“Eles tiveram acesso ao que há de mais atualizado em termos de atendimento pré-hospitalar. A educação continuada é fundamental nessa área, visto que os conhecimentos passam por constantes atualizações, visando a aplicação de técnicas cada vez mais eficientes. São as ações realizadas pelo primeiro atendimento que são decisivas para a evolução do quadro da vítima, na medida em que o socorrista identifica e corrige situações que colocam em risco a vida. A corporação se entende no contexto das urgências e emergências a partir do momento que ela capacita os profissionais de acordo com a legislação que regulamenta esse serviço, Esse curso vem fortalecer o que preconiza a legislação”, afirmou a subtenente Perla Vieira, enfermeira e instrutora do curso.

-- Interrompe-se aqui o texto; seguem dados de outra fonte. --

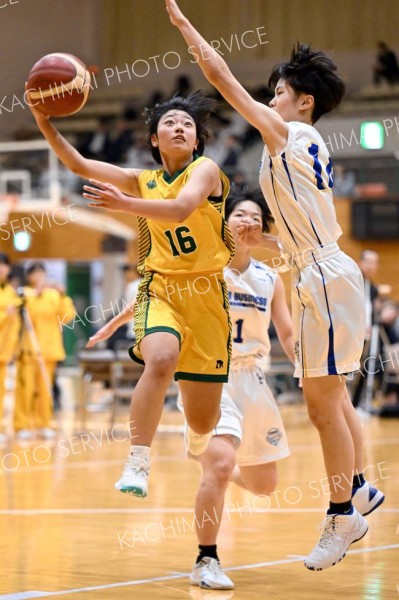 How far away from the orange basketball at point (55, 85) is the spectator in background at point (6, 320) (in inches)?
371

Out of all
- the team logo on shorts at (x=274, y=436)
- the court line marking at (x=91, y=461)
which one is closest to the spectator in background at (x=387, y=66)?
the court line marking at (x=91, y=461)

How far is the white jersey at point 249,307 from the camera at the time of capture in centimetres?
600

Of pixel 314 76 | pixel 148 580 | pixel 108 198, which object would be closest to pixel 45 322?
pixel 148 580

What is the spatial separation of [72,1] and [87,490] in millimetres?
19418

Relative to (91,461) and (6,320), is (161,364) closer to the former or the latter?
(91,461)

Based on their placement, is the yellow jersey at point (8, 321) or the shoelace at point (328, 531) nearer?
the shoelace at point (328, 531)

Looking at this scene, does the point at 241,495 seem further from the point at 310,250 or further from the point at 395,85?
the point at 395,85

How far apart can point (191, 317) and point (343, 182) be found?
16585 mm

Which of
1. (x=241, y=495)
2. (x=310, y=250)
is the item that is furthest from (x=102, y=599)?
(x=241, y=495)

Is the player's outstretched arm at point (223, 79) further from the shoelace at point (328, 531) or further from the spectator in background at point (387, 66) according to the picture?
the spectator in background at point (387, 66)

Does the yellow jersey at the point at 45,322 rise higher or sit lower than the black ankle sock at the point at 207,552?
higher

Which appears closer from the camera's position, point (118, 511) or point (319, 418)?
point (319, 418)

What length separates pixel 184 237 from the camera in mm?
4906

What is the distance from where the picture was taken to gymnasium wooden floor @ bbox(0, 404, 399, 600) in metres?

O curso contou com a participação de 22 bombeiros e 50 horas de aula, entre teóricas e práticas. Foram abordados no curso temas como “Avaliação primária e secundária”, “Imobilização de membros”, “Emergências clínicas”, “Atendimento ao parto iminente”, “Obstrução de Vias Aéreas por Corpo Estranho” (popularmente conhecido como engasgo), “Atendimento a paciente de Parada cardiorrespiratória (PCR) adulto e pediátrico”, entre outros.

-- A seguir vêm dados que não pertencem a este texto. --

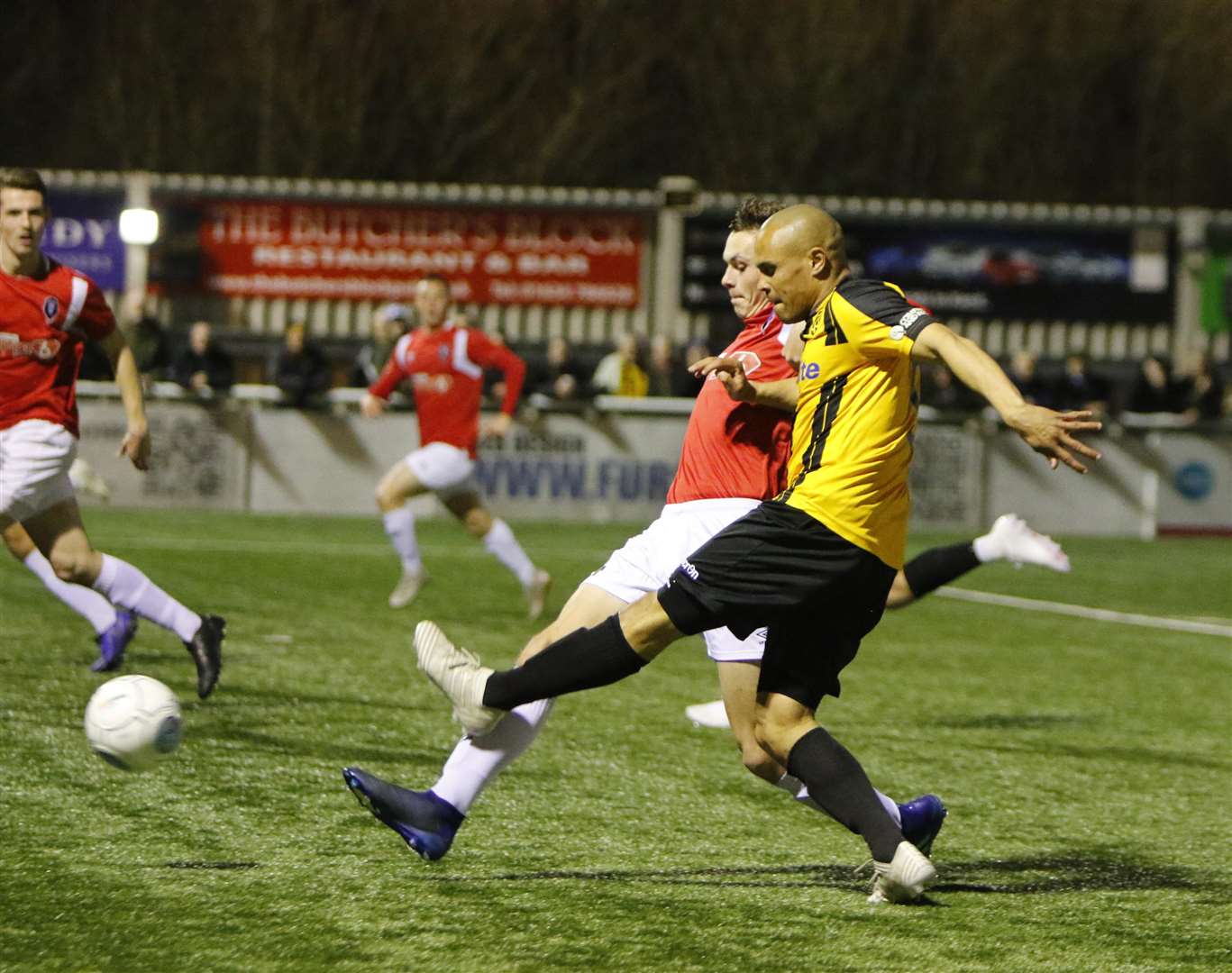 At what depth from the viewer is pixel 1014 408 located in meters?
4.27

“Para nós instrutores e monitores, o resultado foi muito positivo. Foi uma semana intensa, com aulas manhã e tarde, mas a cada instrução foi possível ver no rosto dos alunos o interesse, a sede de conhecimento. Com isso não tenho dúvidas de que vamos ver o reflexo no atendimento à sociedade. O objetivo foi alcançado, de passar a base do atendimento pré-hospitalar, com informações atualizadas para que os bombeiros estejam preparados para desempenhar o seu papel no contexto das urgências e emergências”, explicou a soldado Manuella Pimentel, também enfermeira e instrutora do curso.
O soldado Davidson Araújo, guarda-vidas da corporação, falou sobre a importância do curso. “A atuação do guarda-vidas é fundamental não só no resgate da vítima do meio aquático, mas a realização dos primeiros socorros também é determinante para salvar vidas. Vale destacar que o guarda-vidas não atua apenas em ocorrências de afogamento. No cotidiano das praias e áreas de banho, também atendemos traumas e outras intercorrências clínicas. Esse nivelamento é essencial para reforçar conhecimentos e preparar o profissional para decisões rápidas e adequadas, influenciando diretamente no desfecho do atendimento e na preservação da vida”.

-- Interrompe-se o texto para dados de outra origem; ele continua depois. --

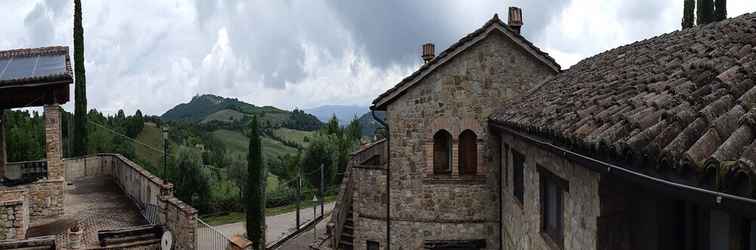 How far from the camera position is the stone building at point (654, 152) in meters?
2.74

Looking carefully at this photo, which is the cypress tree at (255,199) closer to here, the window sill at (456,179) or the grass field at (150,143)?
the window sill at (456,179)

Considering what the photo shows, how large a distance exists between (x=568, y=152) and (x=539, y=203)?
275 centimetres

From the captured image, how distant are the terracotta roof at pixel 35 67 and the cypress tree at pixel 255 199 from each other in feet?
40.3

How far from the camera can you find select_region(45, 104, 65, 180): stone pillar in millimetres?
13422

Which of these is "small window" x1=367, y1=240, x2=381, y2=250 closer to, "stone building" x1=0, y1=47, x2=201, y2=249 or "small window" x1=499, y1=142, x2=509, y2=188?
"small window" x1=499, y1=142, x2=509, y2=188

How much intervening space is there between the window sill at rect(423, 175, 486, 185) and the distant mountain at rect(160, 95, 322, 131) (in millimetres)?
85195

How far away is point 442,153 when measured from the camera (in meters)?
12.5

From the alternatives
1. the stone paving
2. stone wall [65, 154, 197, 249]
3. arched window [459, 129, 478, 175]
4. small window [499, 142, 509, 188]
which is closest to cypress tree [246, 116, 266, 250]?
stone wall [65, 154, 197, 249]

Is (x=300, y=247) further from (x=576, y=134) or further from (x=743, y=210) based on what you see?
A: (x=743, y=210)

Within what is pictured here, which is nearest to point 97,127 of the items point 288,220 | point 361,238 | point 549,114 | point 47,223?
point 288,220

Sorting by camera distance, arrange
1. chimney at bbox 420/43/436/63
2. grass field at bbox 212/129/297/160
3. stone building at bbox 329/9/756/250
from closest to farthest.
Result: stone building at bbox 329/9/756/250, chimney at bbox 420/43/436/63, grass field at bbox 212/129/297/160

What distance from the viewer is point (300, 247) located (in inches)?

Já a soldado Kelly Gardênia havia participado do primeiro curso e fez questão de ser voluntária para ser multiplicadora no quartel de Itabaiana. “Decidi participar novamente porque acredito que esse conhecimento precisa sempre ser reforçado e atualizado. As ações do suporte básico de vida fazem muita diferença na vida das pessoas e senti essa diferença já no primeiro curso. Voltar foi uma forma de continuar me preparando para prestar um atendimento cada vez melhor para a sociedade sergipana”, concluiu a bombeira.